Le persone, oggi più che mai, hanno bisogno di motivazioni, positive/negative, o comunque di elementi – anche se mitigati – che diano ragioni valide agli eventi che le sovrastano. La globalizzazione è giusta? Spiegate il perché. La crisi era inevitabile? Ditelo. E’ necessario un governo tecnico che decida a livello globale? Benissimo: dichiaratelo con forza.
Non è più tempo di procedere con la politica del “lancio il sasso e tolgo la mano”. A tal proposito, come si fa a non capire la nascita di movimenti europei anti-sistema? L’unico modo per avvalorare la bontà del sistema è mostrare il sistema stesso, spiegarlo semplicemente e in modo limpido. Chi non lo fa, commette un errore di valutazione. Per superficialità o malafede.
Il Bilderberg: teoria tascabile.
L’alone di mistero che circonda il meeting ha fornito costantemente ossigeno al fuoco dei geopolitici e dei curiosi credenti nel cosiddetto “complotto”. La teoria più diffusa e, se si può dire, meno distante dalla realtà, la espone lo scrittore russo Daniel Estulin nel libro “Il club Bilderberg” (2005).
Estulin sostiene che lo scopo dell’incontro sarebbe influire sulle dinamiche economico-politiche internazionali, per favorire gli interessi strategici dei componenti stessi del Gruppo. Al di là di ogni commento in merito, è curioso vedere come chi sia transitato nel Bilderberg abbia poi assunto cariche istituzionali rilevanti nello scacchiere globale. Ne sono ad esempio: Bill Clinton, Tony Blair, Mario Monti, Enrico Letta, Lucas Papademos, Mario Draghi, Jean-Claude Trichet, Herman Van Rompuy e Christine Lagarde (solo per citarne alcuni).

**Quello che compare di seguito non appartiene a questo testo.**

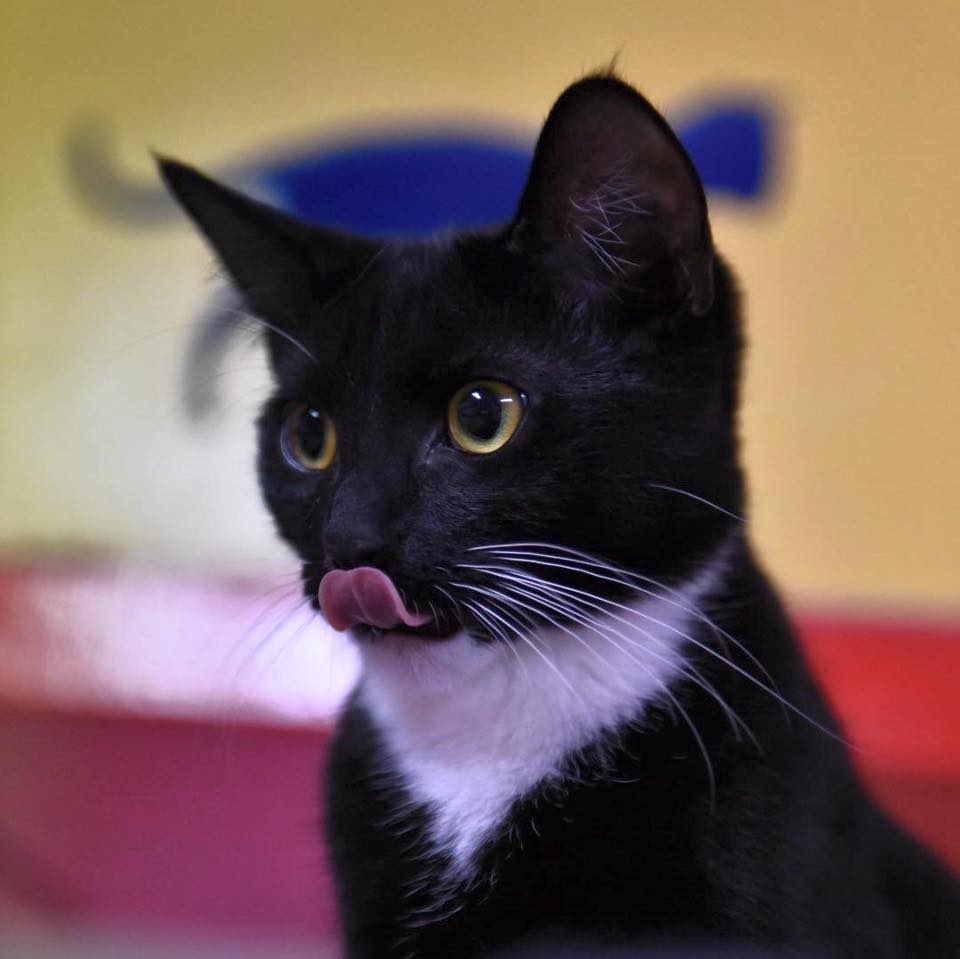 Max Blep.jpg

Sicuramente è un bel trampolino di lancio per le menti più illuminate del nostro tempo e un proficuo serbatoio di idee per la costruzione di un nuovo ordine mondiale, superati i vecchi blocchi della Guerra Fredda. L’unico neo? L’apparente concezione anti-democratica e privatistica con cui vengono sviluppate le questione pubbliche.
Dedica speciale.
La chiusura è dedicata a David Rockefeller, ex presidente di Chase Manhattan Bank, presidente della Commissione Trilaterale e membro permanente del Bilderberg. Così si espresse sul silenzio dei media sulle questioni del meeting: “Siamo grati al Washington Post, al New York Times, al Time e ad altre grandi testate i cui editori hanno partecipato ai nostri meeting rispettando il loro impegno di discrezione per quasi 40 anni. Sarebbe stato impossibile per il Gruppo Bilderberg sviluppare il proprio piano per il mondo se fosse stato soggetto alle luci dei media, in questi anni”.
Come dire… Un piccolo passo per l’uomo, un gigantesco balzo per il Bilderberg!